The face exercise rabbit hole turned out to be long and winding, and supposedly lengthy enough to include both Gwenyth Paltrow and Cleopatra. It seems that this 2,000-year history wasn’t catalogued, however, until 1710, when the first face routine was published by Jeanne Sauval, a personal attendant to Ninon de L’Enclos (the French courtesan who supported both a young Molière and Voltaire). Today there are hundreds of books and videos available on the topic.
There has been no empirical study of facial exercise. While toning facial muscles is often part of the treatment for people who have had strokes or Bell’s palsy, dermatologists don’t agree as to whether or not it’s effective. Then there’s Dr. Oz, who writes in his book You: Being Beautiful (co-written in 2008 with Dr. Michael F. Roizen), “Exercising the facial muscles is a sure way to increase wrinkles.” Yet in an episode of his show, that same Dr. Oz advises a person in his audience that exercising the muscles of the face will bolster the skin. “It’s a very rational thing to do,” he says. But it’s Dr. Oz, so… I’ll take both pieces of advice with a grain of salt.
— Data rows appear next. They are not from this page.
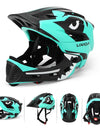 Detachable Full Face Bike helmet 's Sports  Cycling mtb Motorcycle Skateboarding Roller Skating Helmet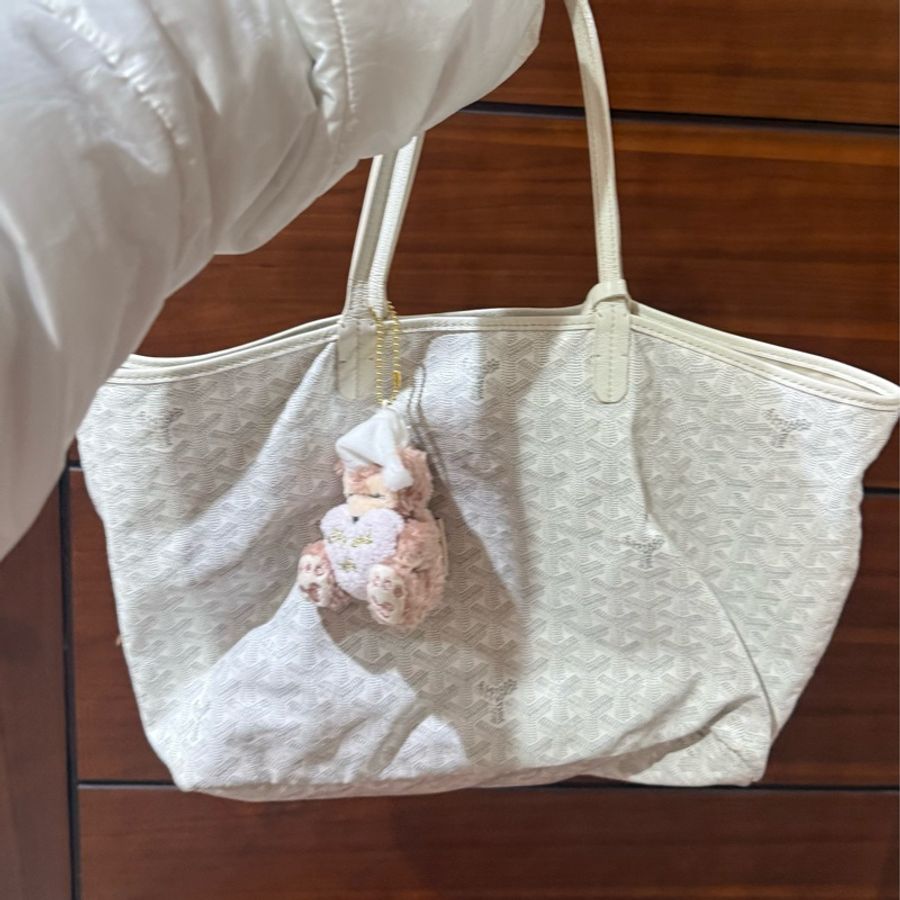 goyard tote pm 托特包 Saint Louis PM 白色 Goyard 最經典的入門款 防水 子母包-1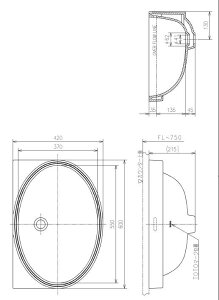 ��TOTO L548UQ#NW1�� �A���_�[�J�E���^�[���������ʊ� (�z���C�g)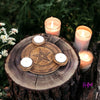 Wooden Pentagram Tea Light Holder - candle holders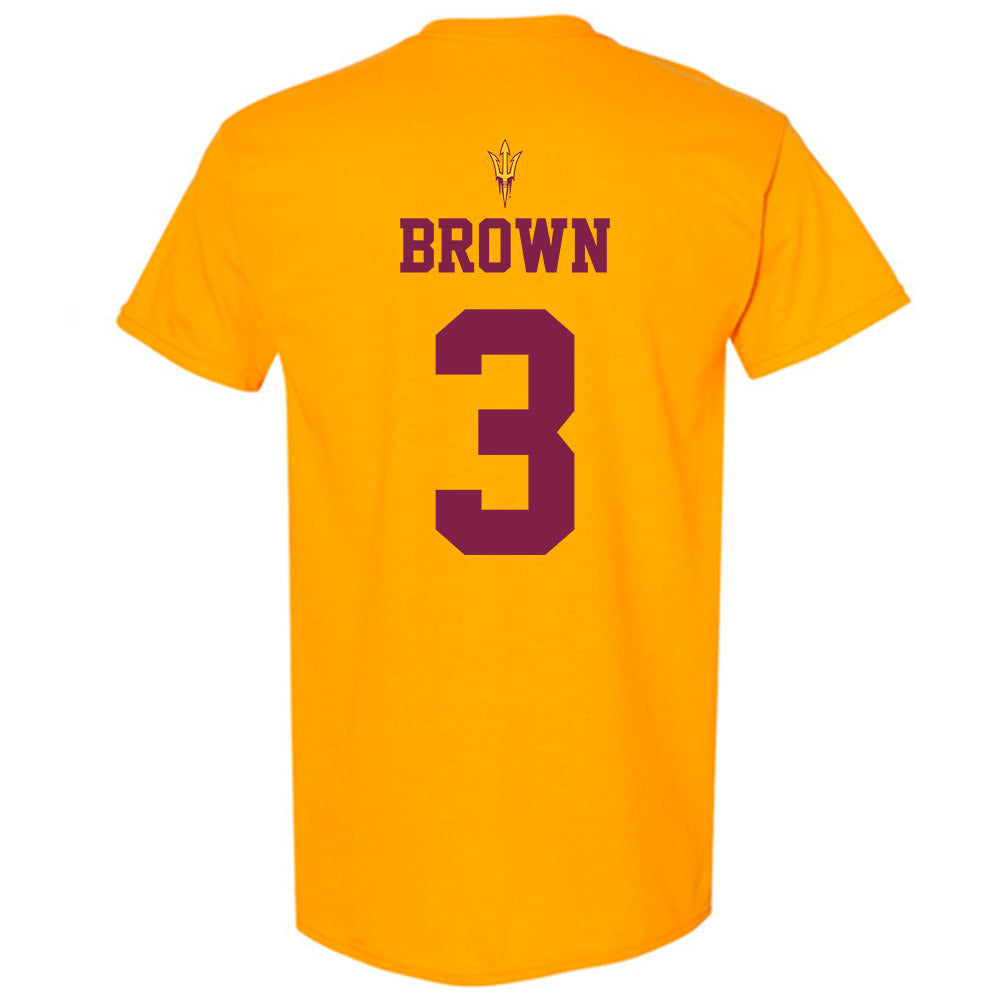 Arizona State - NCAA Football : Raleek Brown - Homecoming and Salute to Service T-Shirt-1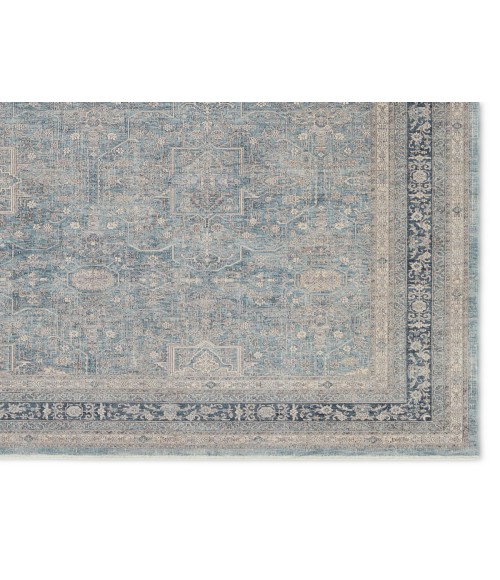 Jaipur Living Brinson Oriental Blue/ Taupe Area Rug 6'3"X9'6"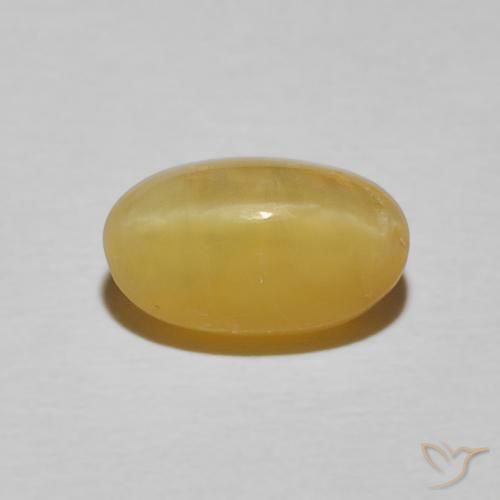 2.71ct 天然 ロイヤルイエロー キャッツアイオパール, 楕円形, オペーク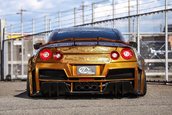 Nissan GT-R cu caroseria gravata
All this got me wondering if I could change heredity. My raven-haired mother, a heavy smoker throughout my childhood, had beautiful, unlined olive skin, even in her casket. She didn’t have an ounce of cellulite either, despite not working out a day in her life. I teach yoga and can’t get rid of those lumpy fat deposits. Would a face workout be any different? There was only one way to get to the bottom of this, and that was to try it myself. Here’s what I learned.
There is no definitive guide.
The overriding principle at work across the techniques I discovered is that the exercises should be done without wrinkling the face. If you can’t do a pose without furrows, don’t do it. As a yoga teacher, I took that advice as a cue to look for modifications (a search that took hours off my life, but that also turned up this Jack LaLanne gem, which led to the further discovery that he was considered nuts just for suggesting women could lift weights). The routine at the end of the article includes the poses I altered to work for my face.
Get a face muscle chart.
Looking at the muscles of the face helped me isolate specific areas I was trying to work on, and was also useful for relaxation and massage. Facial toning also can happen when you’re not doing the exercises, simply by being aware of the sensations made by wrinkling your mug and cutting that out. It’s the ultimate DIY Botox. The muscles between my brows are noticeably less rigid than when I started.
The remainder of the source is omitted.